[TOC]
- Title: Prompter: Utilizing Large Language Model Prompting for a Data Efficient Embodied Instruction Following
- Author: Yuki Inoue et. al.
- Publish Year: 7 Nov 2022
- Review Date: Wed, Feb 1, 2023
- url: https://arxiv.org/pdf/2211.03267.pdf
Summary of paper
Motivation
- we propose FILM++ which extends the existing work FILM with modifications that do not require extra data.
- furthermore, we propose Prompter, which replace FILM++’s semantic search module with language model prompting.
- no training is needed for our prompting based implementation while achieving better or least comparable performance.
Contribution
- FILM++ to fill the role of the data efficient baseline.
- we propose Prompter, which replaces the semantic search module of FILM++ with language prompting, making it even more data efficient.
Some key terms
Difficulty in converting language into robot controls
- Converting free-form language instructions to step-by-step robot controls is no easy task, as agents must integrate information of multiple modalities while operating in environments full of uncertainties.
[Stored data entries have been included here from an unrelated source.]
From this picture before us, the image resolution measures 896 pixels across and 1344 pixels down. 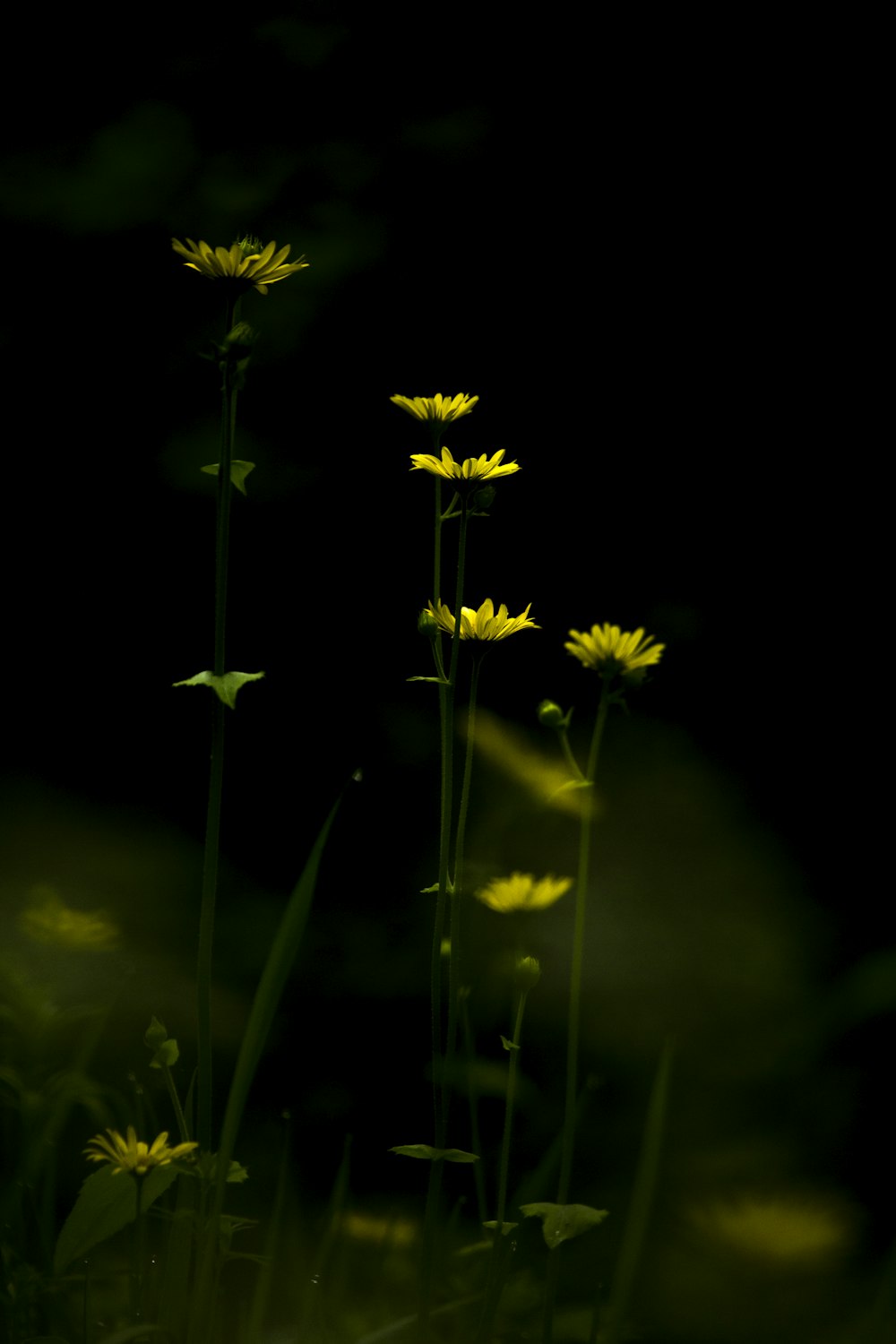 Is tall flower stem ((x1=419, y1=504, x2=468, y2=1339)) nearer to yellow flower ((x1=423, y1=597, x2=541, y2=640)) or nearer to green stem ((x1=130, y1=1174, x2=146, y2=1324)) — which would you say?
yellow flower ((x1=423, y1=597, x2=541, y2=640))

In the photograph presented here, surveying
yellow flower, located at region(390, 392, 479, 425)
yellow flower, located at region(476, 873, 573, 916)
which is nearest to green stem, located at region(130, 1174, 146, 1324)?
yellow flower, located at region(476, 873, 573, 916)

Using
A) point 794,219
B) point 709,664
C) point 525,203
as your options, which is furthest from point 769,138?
point 709,664

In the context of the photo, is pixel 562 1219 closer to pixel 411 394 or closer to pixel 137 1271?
pixel 137 1271

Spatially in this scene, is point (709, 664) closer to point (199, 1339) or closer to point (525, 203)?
point (525, 203)

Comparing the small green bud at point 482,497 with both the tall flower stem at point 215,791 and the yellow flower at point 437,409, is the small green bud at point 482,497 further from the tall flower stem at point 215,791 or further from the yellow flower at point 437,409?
the tall flower stem at point 215,791

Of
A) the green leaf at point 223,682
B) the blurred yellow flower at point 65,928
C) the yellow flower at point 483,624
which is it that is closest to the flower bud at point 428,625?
the yellow flower at point 483,624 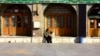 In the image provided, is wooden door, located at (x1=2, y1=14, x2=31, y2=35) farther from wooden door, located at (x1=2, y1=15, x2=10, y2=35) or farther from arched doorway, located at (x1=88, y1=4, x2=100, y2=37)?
arched doorway, located at (x1=88, y1=4, x2=100, y2=37)

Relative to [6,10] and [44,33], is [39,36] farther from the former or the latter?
[6,10]

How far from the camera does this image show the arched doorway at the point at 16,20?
102ft

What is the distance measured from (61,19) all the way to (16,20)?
3940 millimetres

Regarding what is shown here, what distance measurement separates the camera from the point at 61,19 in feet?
103

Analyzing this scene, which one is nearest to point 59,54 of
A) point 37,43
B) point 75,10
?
point 37,43

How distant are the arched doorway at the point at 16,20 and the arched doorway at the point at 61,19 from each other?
5.71ft

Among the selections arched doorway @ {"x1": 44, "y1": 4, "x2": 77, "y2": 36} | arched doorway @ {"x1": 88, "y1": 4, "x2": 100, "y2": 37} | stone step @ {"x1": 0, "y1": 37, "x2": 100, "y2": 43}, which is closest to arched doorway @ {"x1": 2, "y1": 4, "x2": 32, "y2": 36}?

- it is important to minimise the data cost needed to train an agent, to ease the transition from sim to real.
Function of the semantic search module
- The semantic search module promotes efficient search by predicting the probable locations of the unobserved objects from the observed ones.
Related work
early attempts on ALFRED
- early attempts on ALFRED trained single end-to-end models.=
modular approaches
- most equipped with front-end vision and language modules that process raw inputs which are then integrated in the back-end decision making module.
FILM baseline
language substream
- the language substream subdivides the language instructions into a series of object-action pairs, which serve as subtasks that agents follow to complete the task in divide-and-conquer manner.
- an object-action pair (Faucet, ToggleObjectOn) corresponds to first finding a faucet and then turning the knob.
ALFRED settings
reachable distance
- In ALFRED, an object is considered reachable if its horizontal displacement from the agent is less than 1.5 meters.
- FILM directly uses the depth estimation to determine the reachability.
interaction offset
- being too close to an object can also be a source of error. this is especially true when objects change shape after interaction.
- so some model manually set offset of agent from the object by 50 cm for the OpenObject action, as it is the only deforming interaction in ALFRED
Slice replay
- FILM++ also manually set a macro action sequence to put away the knife and return for a pick up.
Look around
- FILM++ instructs the agent to look around the environment at the beginning of an episode, to promote information gathering
Obstacle enlargement
- a common practice during collision-free path planning is to enlarge the obstacles by the size of of the agent so that the agent can be modelled as a point. (in the semantic map)
Result
- this shows that if having ground truth language parser, the performance will increase by 7% – meaning that there is the potential to improve current language parser.
highlight about the error modes
- the table shows that over half of Prompter’s errors correspond to “Goal object not found” or “Language processing error”
- Prompter is particularly bad at recognising small objects such as salt shakers, and large objects that are difficult to recognise up close, such as refrigerators and floor lamps.